お披露目パーティー
「あぁ~緊張したぁ!」
「私の方が緊張したぞ」
ゲオルグと別室に、案内された。
疲れが半端ない。
「しかしお前の加護のお陰で凄い待遇だ。こんな部屋泊まった事ないしな」
VIPルームってやつだろう。クッションもソファも超一流品だ。逆に落ち着かない。
夜になってきてそろそろパーティーの時間だ。パーティー会場に急ごう。最下級貴族は一番に入って挨拶しておかねばならないのだ。

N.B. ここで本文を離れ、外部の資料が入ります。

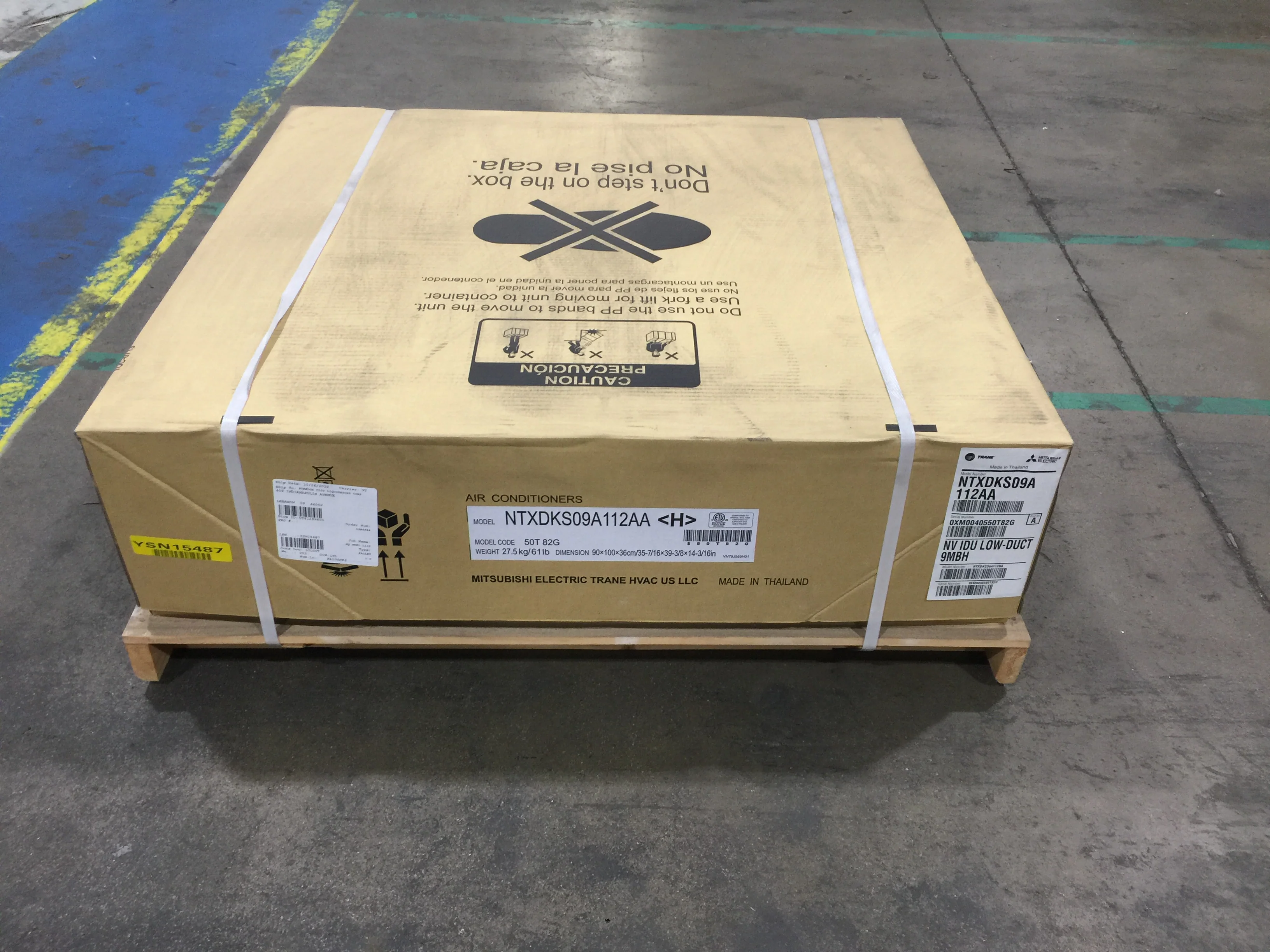 9,000 Btu Single Zone Indoor Horizontal Ducted Heat Pump Mini Split; 19 Seer, 208-230/60/1, R-410A - Image 11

会場に一番乗り。普段は食べられないご馳走が並んでる。ウヒョー!
時間になり人が入ってくる。で、挨拶、挨拶。クッソ全然食えねーじゃねーか。
多いなぁ、どうせ二度と会わない人ばっかりだろうに。
「ヴァッサー卿、おめでとう」
「ヴァッサー卿、出世だな」
なんかこんな声を掛けられるのが特に多い。
「マイチー州? 聞いたこともないな。どこだ、それは?」
「マロニェール領の端にございます」
「ふん、そんなど田舎、興味ないわ」
太って油ぎったオヤジが文句垂れる。
なんだ? コイツ。失礼だな。
「我がデフロック領はそれはそれは風光明媚で素晴らし‥‥‥‥‥‥」
途中から別の事を考えていたので聞いていません。
「デフロック卿、その辺で良かろう」
おっ止めてくれた。良かった。誰だろう。
「ゲオルグくん、久しぶりだね」
「トーマス様、ご無沙汰しております」
知り合いだったみたいだ。
「ネロ、こちらはトーマス・フレイン辺境伯だよ。」
お、ということは寄り親の貴族様か。
「ゲオルグ・ヴァッサーの三男 ネロと申します。御見知りおきを」
「ハハ、さすがは神級の祝福だね。しっかりしている。マリア、お前も挨拶なさい」
「はい、お父様。こんばんは、トーマス・フレインの三女のマリアでございます。どうぞ宜しくお願い致します」
あ、俺の前に祝福受けてた子だ。確か槍王とかいう才能だった気がする。
「こんばんはマリア様、ネロと申します」
「こんばんはネロ様、マリア様はおよしくださいな、マリアとお呼び下さい」
「僕も様は不要です。何か召し上がりますか?」
「ええ、あっちに行ってみましょう」
「これも美味しそうですよ。いかがですか?」
「ありがとう、ネロくん」
マリアと親しくなり口調も砕けてきた。
互いに呼び捨てだ。
「じゃあマリアはずっと槍の訓練を?」
「そうなの、お陰で手がマメだらけ。貴族の娘っぽくないでしょ」
「いえいえ、頑張った証拠ですよ。僕は(その手)好きだよ。」
「えっ。そんな‥‥‥」
あれ、いつの間にか赤い。飲み物に酒でも入ってたか?
「どこでそんな口説き文句覚えてきたんだ」
ゲオルグに怒られた。
「じゃあまたね、ネロ」
「ではまた、ご機嫌よう」
王様が来た。殿下もいる。
「ヴァッサー卿、先程はすまんかったの」
「陛下。我々までお招きいただきありがとうございます」
殿下がこちらに話を振ってくる。
「ネロ、アナタ凄いんだってね」
「シャルロット殿下、昼間は申し訳ありませんでした」
「何? なんで謝るの?」
「待っていただいてたのにあんな風になってしまって‥‥‥」
「アレは仕方ないわよ。予想外のことが起きたんだもの。クリフォードも他の兵に任せて飛び出してっちゃったし」
ピカピカ鎧さん丸投げじゃねーかよ。
「ワタシも良い才能だったのにアナタの所為で霞んじゃったわ」
「すみません。ちなみにどんな?」
「剣帝よ」
「凄いじゃないですか!!」
「水神に言われてもね」
「‥‥‥すみません」
「仲良くやっているようじゃな。うむ、良い、良い。そうじゃネロよ。王都に越して来てはどうじゃ? 王都の学校に通うというのはどうじゃろう?」
「王都学院ですか? 僕が入れますかね?」
「成績次第ではあるが大丈夫じゃろ」
王都学院は国内最高学府だ。選ばれた者だけが通学できる。12歳の春から三年間、卒業後は国内の様々な機関に就職可能だ。卒業出来ればだが。
「ワタシも行く予定よ」
「え、殿下も?」
「何よ、嫌なの?」
「いえ、別に」
王族や上級貴族は入学も卒業もそれなりに優遇されているようだ。今は初夏、準備期間はそれなりに有るな。